▶ Assigned task: The answer must consist only of the lines from the line with "Pastel Rainfall Curtain" to the line with "Cute Crystal Crab", both included, exactly as they stand below.

==== Provided records

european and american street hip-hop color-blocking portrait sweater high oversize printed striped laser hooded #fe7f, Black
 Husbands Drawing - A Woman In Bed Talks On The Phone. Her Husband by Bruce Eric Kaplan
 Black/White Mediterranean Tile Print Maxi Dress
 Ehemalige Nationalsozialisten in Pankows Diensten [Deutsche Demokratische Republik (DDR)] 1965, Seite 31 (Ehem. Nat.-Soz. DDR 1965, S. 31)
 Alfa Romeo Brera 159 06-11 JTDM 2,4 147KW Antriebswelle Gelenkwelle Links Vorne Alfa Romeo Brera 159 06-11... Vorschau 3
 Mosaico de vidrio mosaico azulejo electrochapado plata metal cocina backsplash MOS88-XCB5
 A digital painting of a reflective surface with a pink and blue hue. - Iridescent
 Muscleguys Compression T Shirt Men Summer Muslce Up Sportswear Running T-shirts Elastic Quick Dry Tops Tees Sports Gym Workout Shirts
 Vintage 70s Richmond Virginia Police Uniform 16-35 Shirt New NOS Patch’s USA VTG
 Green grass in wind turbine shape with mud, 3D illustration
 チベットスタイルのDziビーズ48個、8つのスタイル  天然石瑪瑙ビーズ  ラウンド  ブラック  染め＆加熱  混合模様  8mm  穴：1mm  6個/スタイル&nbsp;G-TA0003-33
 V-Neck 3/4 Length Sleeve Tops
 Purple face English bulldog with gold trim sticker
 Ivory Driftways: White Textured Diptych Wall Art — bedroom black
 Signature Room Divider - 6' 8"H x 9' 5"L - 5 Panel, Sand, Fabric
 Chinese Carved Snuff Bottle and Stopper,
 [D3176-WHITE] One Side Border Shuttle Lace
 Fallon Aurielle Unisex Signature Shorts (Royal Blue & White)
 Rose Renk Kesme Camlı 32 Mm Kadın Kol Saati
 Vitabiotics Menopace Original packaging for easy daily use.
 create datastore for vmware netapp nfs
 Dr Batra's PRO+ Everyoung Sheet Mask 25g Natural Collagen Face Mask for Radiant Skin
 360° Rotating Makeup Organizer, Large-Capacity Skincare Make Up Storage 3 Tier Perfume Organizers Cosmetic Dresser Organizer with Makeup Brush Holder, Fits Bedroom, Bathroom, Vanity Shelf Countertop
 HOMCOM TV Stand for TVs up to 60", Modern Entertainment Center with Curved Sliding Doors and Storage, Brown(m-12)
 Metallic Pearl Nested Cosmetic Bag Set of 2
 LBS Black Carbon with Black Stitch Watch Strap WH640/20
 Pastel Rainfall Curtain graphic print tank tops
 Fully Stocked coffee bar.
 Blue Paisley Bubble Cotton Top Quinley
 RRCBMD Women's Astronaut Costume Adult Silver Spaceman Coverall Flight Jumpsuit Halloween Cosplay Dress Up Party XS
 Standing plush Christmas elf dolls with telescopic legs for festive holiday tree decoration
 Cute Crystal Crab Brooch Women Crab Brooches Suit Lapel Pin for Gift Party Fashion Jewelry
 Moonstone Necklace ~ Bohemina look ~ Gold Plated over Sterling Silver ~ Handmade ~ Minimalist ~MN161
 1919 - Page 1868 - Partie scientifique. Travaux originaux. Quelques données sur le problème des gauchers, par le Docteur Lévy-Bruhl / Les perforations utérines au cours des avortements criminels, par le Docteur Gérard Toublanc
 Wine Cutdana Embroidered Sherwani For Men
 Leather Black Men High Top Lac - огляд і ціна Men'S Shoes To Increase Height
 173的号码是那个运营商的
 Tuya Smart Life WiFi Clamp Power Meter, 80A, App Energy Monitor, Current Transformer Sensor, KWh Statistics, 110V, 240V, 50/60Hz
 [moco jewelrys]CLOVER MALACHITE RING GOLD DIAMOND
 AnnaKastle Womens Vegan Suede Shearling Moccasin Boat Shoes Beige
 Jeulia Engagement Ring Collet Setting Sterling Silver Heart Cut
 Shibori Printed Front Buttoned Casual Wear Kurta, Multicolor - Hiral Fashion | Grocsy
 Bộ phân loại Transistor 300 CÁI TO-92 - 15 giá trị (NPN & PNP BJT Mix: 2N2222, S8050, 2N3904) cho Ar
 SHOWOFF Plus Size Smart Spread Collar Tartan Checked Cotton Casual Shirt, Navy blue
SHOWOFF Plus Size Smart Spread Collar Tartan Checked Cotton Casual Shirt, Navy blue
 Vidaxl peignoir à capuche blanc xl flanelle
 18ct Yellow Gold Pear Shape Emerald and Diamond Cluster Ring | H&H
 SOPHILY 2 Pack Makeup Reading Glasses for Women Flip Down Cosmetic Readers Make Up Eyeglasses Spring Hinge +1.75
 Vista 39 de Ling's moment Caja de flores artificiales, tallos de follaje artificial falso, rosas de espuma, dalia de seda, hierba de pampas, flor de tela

========

▶ Solved problem:
 Pastel Rainfall Curtain graphic print tank tops
 Fully Stocked coffee bar.
 Blue Paisley Bubble Cotton Top Quinley
 RRCBMD Women's Astronaut Costume Adult Silver Spaceman Coverall Flight Jumpsuit Halloween Cosplay Dress Up Party XS
 Standing plush Christmas elf dolls with telescopic legs for festive holiday tree decoration
 Cute Crystal Crab Brooch Women Crab Brooches Suit Lapel Pin for Gift Party Fashion Jewelry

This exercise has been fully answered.